Join us as we celebrate the work of our Lord Jesus Christ in redeeming sinners and rising from the grave! This year, we will look at the Apostle Peter's famous sermon on Petecost as it relates to the death and resurrection of our Lord Jesus Christ. On April 2, 2023, in our morning services, we will look at "God's Marvelous Plan" (Acts 2:14-23) and see how the sacrifice of Christ was determined by the mercy and grace of God. Then on Good Friday (April 7) at 7:00 PM (download the bulletin) we will have a special evening service both in-person and via live stream.
On Easter (April 9) at 8:30 and 11:00 AM we will worship the Risen Lord Jesus Christ in-person and on our live stream! The Resurrection is at the center of the Christian faith, and it is a blessing to celebrate that with fellow believers. Pastor Greco will preach on the second portion of Peter's sermon in Acts, "Death Could Not Hold Him" (Acts 2:22-36).
More than ever, for so many of us today, what we need most is hope. The uncertainty in the world, the economy, and our families can make us confused and worried. The good news of the gospel is that hope has come in the person of Jesus Christ. Jesus did not avoid the difficulties and problems of the world – rather He faced them directly. As the Son of God, Jesus came and dwelt among men, suffering for sinners. He was beaten, mocked, and ultimately killed – not for anything He had done, but instead to pay the price of sin for others (1 Peter 2:21-25). He was in the grave for three days, but death could not hold Him (Acts 2:24).

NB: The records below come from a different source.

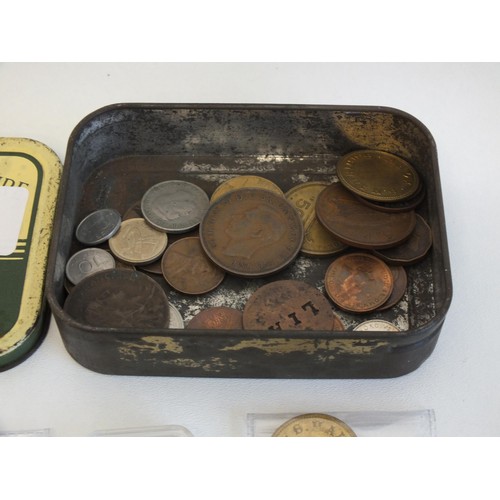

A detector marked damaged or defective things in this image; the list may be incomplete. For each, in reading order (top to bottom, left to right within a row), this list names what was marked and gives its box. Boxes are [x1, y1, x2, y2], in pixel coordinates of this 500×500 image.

corroded coin [63, 270, 170, 328]
corroded coin [109, 218, 168, 266]
corroded coin [141, 181, 209, 233]
corroded coin [162, 237, 225, 294]
corroded coin [187, 306, 243, 330]
corroded coin [209, 176, 284, 203]
corroded coin [200, 188, 302, 278]
corroded coin [243, 280, 334, 330]
corroded coin [286, 182, 348, 256]
corroded coin [324, 254, 394, 312]
corroded coin [316, 183, 418, 249]
corroded coin [336, 149, 422, 202]
corroded coin [272, 414, 358, 438]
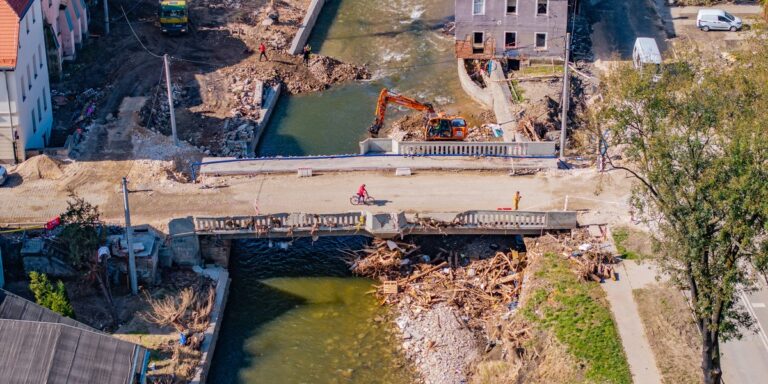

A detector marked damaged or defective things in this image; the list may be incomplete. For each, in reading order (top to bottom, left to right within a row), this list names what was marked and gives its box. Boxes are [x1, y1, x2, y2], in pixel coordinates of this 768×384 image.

damaged bridge deck [182, 208, 576, 238]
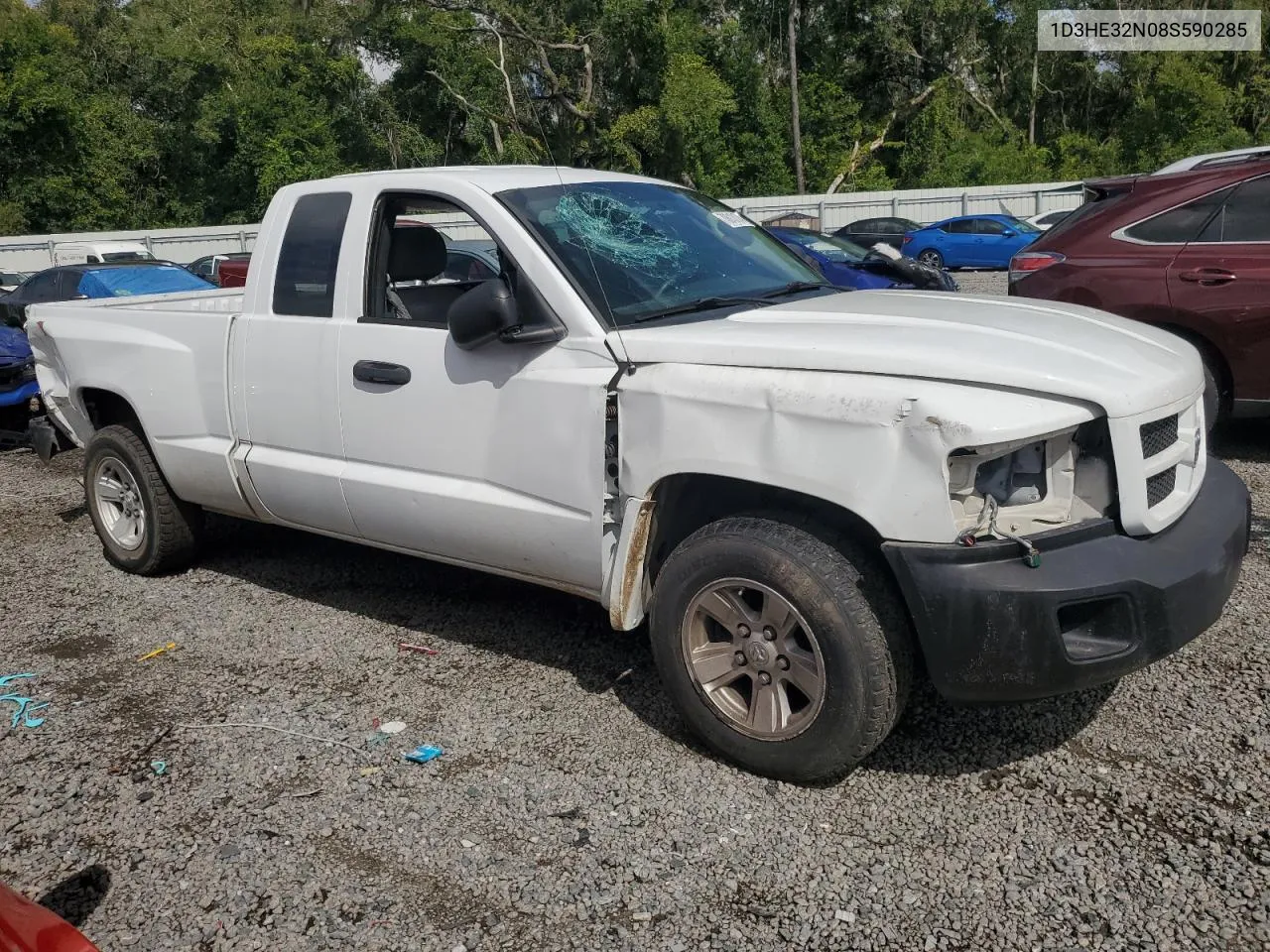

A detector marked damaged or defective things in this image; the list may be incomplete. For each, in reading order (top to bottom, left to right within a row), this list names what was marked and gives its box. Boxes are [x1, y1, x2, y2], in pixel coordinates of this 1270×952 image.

shattered glass web [559, 191, 696, 278]
damaged quarter panel [26, 294, 252, 518]
damaged quarter panel [619, 363, 1096, 542]
missing headlight opening [950, 418, 1117, 540]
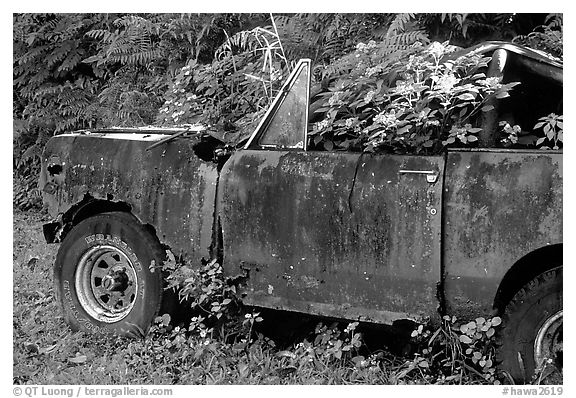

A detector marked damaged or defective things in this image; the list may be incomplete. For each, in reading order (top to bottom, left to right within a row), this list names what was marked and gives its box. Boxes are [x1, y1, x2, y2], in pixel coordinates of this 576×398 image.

rusted truck body [39, 42, 564, 380]
wrecked truck [40, 42, 564, 380]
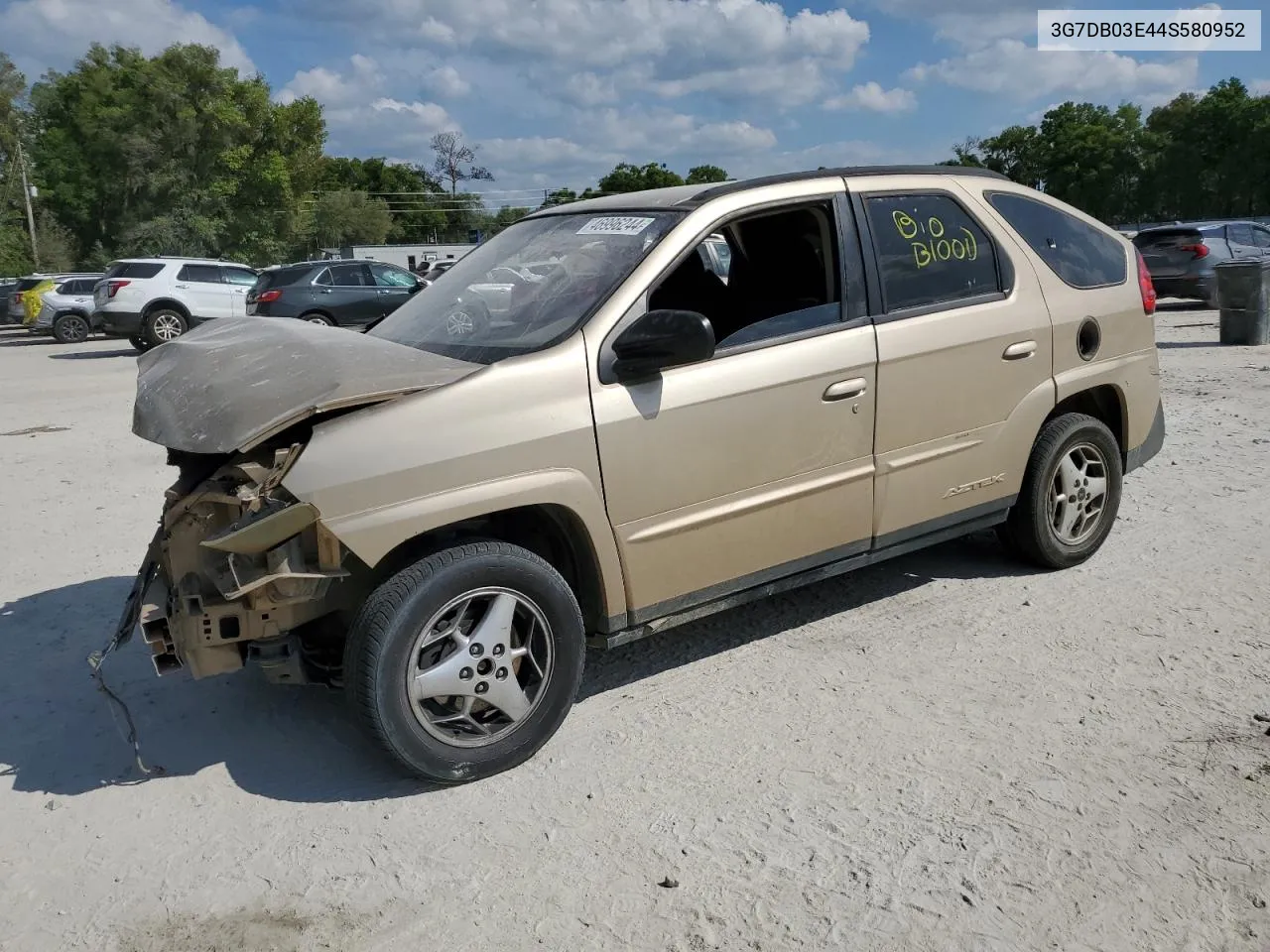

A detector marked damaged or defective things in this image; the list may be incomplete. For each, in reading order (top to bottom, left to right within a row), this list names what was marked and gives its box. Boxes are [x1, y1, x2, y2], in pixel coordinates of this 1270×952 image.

front-end collision damage [132, 442, 353, 682]
crumpled hood [133, 317, 480, 456]
damaged pontiac aztek [114, 170, 1167, 781]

The empty tomb is God’s declaration of Jesus’ victory over sin and death: “it is finished!” We can know that we are forgiven because we believe in the One who "was declared to be the Son of God in power according to the Spirit of holiness by his resurrection from the dead, Jesus Christ our Lord" (Romans 1:4).
You may be discouraged. You may be dismayed. But can you imagine what it must have been like on that dark Friday night for Peter and John, for James and Nathaniel, for all the disciples and the women who had followed Jesus for so long? Their hopes had been built up, only to be dashed by defeat and death. They had seen Jesus die with their own eyes; they had heard the hatred of the crowd with their own ears; and they had carried his body to the tomb with their own hands. Would hope ever return? Can you picture the travelers on the road to Emmaus as sadness overwhelmed them (Luke 24:17)? And yet the end of Christ's story had not been written.

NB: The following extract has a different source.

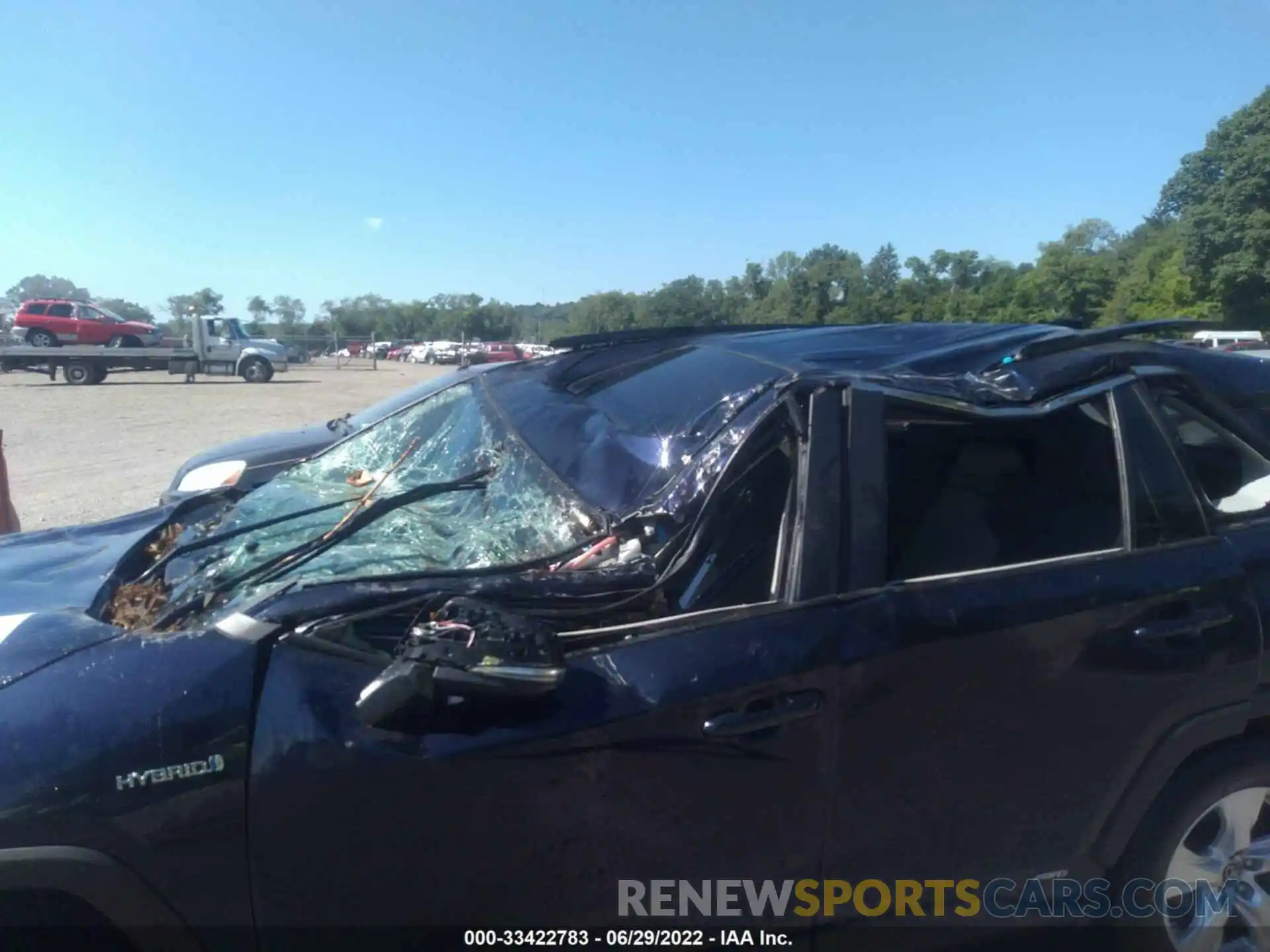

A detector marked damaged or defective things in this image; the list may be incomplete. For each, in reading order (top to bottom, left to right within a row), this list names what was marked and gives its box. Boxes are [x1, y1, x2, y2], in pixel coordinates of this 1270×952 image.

Hope does not come from politicians, armies, technology, or programs. Hope comes from the true and living God, who loves His children, and who has given His Son to redeem them from sin, death, and the grave. As we face difficulties, challenges, and heartache, we must not ever forget that the Lord has not forgotten us. No matter what happens with the pandemic, oil prices, or rumors of wars, there is hope! As hard as Friday is, we must remember that Sunday's coming!